Breakthrough Seizure

Introduction

A Breakthrough Seizure is one that occurs in a patient with seizure disorder while still on AED (antiepileptic or anti seizure medicine); whose seizures are otherwise assumed to be under control and the blood levels of the AED are within the therapeutic range.

This is not same as a withdrawal seizure, which occurs due to stopping or reducing the dosage of anti seizure medicine or alcohol, benzodiazepines, barbiturates etc (the drugs that suppress the brain activity). Also strictly speaking seizures occurring due to missing the dose, taking inadequate dose or less frequently than recommended, should be preferably called as withdrawal seizures rather than breakthrough-seizures. This is because the decreased anti seizure medicine level in the blood precipitates seizures in these situations, so it is similar to withdrawal conditions.

What triggers this condition?

One scenario is patient’s current blood levels are simply not sufficient to control the seizures because the seizure tendency is high. Sometimes this may be an idiopathic situation means no cause is found why the seizure occurs, or why the seizure focus has become hyperactive all over suddenly.

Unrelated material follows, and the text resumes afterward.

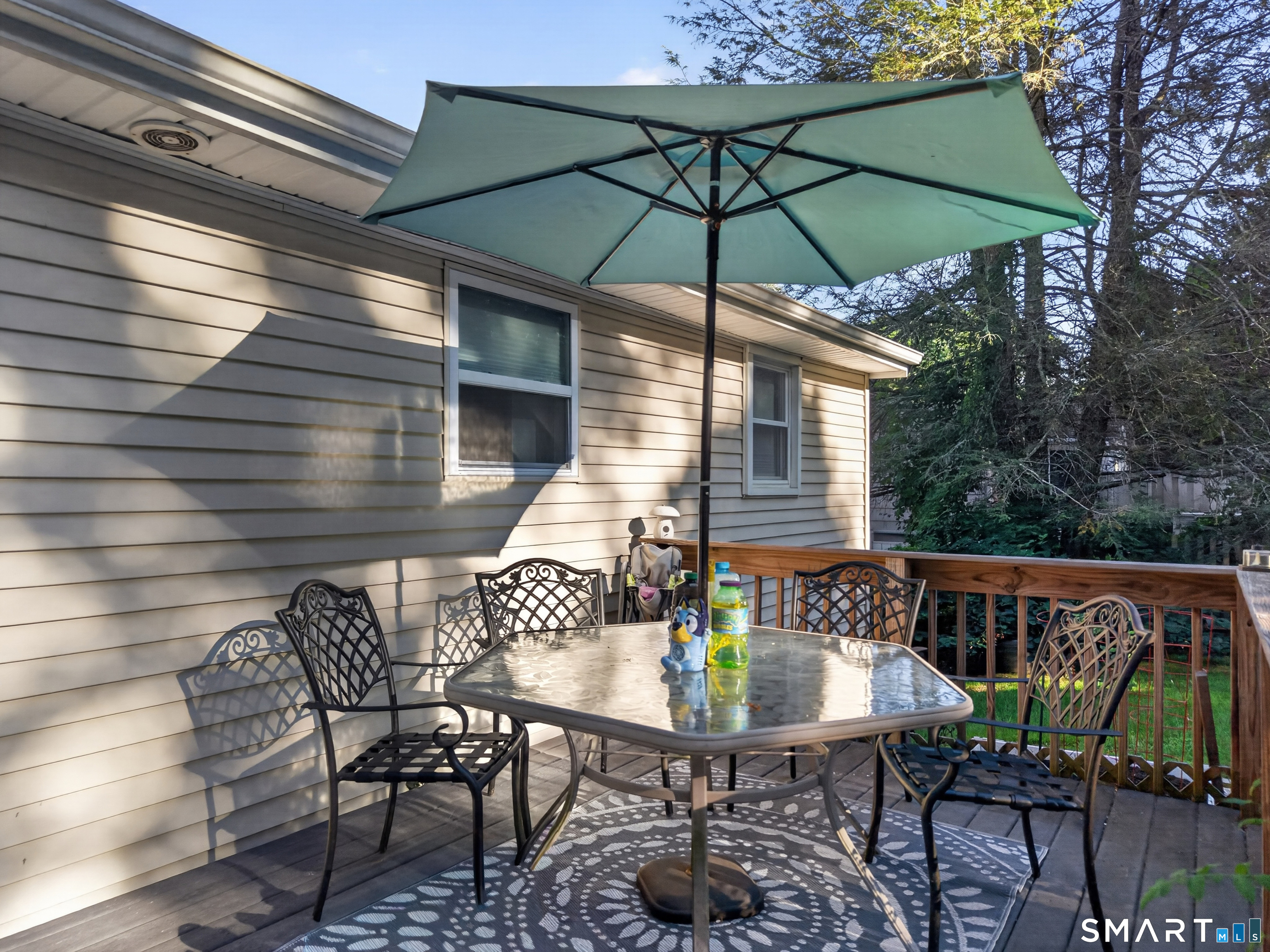 28 Martin Court Montville CT 06382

But if a detailed history is taken then many times we will be able to find out one or other cause for breakthrough-seizures and they may include;

• Infections with fever
• Lack of adequate sleep
• Missing food (hypoglycemia)
• Dehydration
• Electrolyte disturbances
• Menstruation
• Stress
• Intake of alcohol, other toxins and medications that can cause lowering of seizure threshold
• Or it may not be a breakthrough-seizure at all, rather patient had a seizure due to a new reason or pathology e.g. new brain insult etc.

Diagnosis

A breakthrough-seizure requires the doctor look at all these possibilities, and if history is not enough to arrive at the cause for the seizure then investigations are necessary as below (not every patient require all these tests);

• Estimation of blood concentration of AED
• Blood electrolyte estimation
• Complete blood count if fever is present
• Urine analysis
• Chest x ray etc

An EEG, CT or MRI of the brain is not always necessary with typical breakthrough seizures. However if the diagnosis is not clear then such tests may be necessary.

Treatment

Treatment obviously would depend upon what precipitated the breakthrough-seizure.

If the AED level is sub therapeutic (prferably called as withdrawal seizure) then boost up the level with additional AED dose and increasing the maintenance dose. If the dose the level is therapeutic; but still away from the upper normal range or patient is not having a side-effect with the current dose then increase the dose further.

The other causes mentioned above are treated appropriately. With these other causes patient may still require optimization of the AED dose as above. If a precipitating factor is found and it is fully reversible then the AED dosage can be increased just temporarily.

In some situations we may add another AED, switch over the current AED to another AED etc. Of course all these decisions are made on case to case basis. A neurologist is frequently involved in the care of these patients.